▶ **Exercise prompt**
Would you please give the entries again word for word, with no images in your copy?

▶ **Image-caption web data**
::::::::::
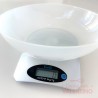 Balanza Digital Silcook Grande Con Bowl 3 Kg.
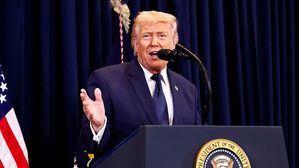 트럼프, 이란 전쟁에 "내가 끝내고 싶을때 언제든 끝날 것"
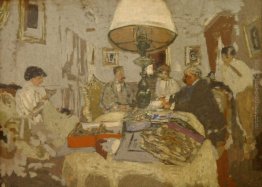 Gli amici intorno al tavolo, San Jacut Gli amici intorno al tavolo, San Jacut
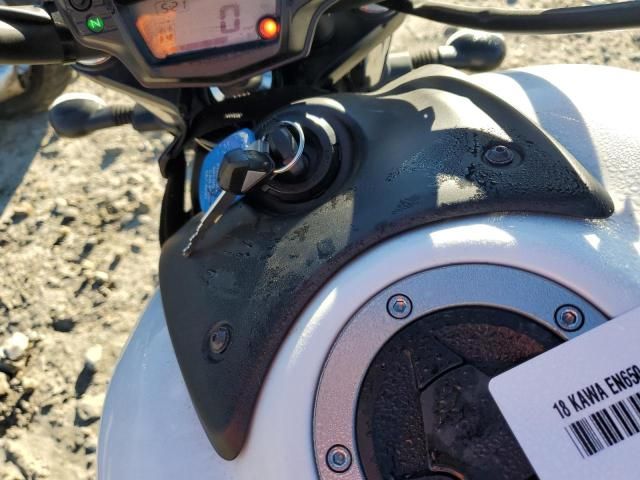 2018 Kawasaki EN650 C
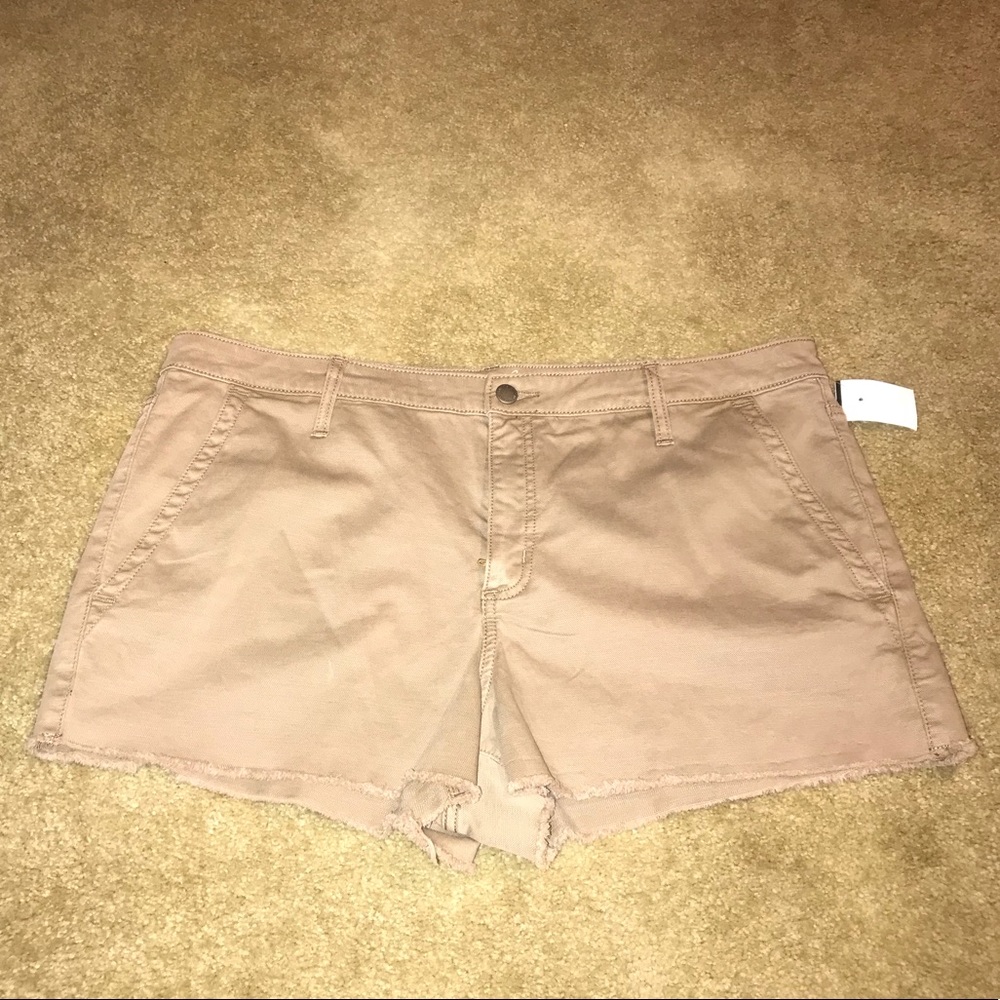 New shorts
::::::::::
▶ **Answer space**
 Balanza Digital Silcook Grande Con Bowl 3 Kg.
 트럼프, 이란 전쟁에 "내가 끝내고 싶을때 언제든 끝날 것"
 Gli amici intorno al tavolo, San Jacut Gli amici intorno al tavolo, San Jacut
 2018 Kawasaki EN650 C
 New shorts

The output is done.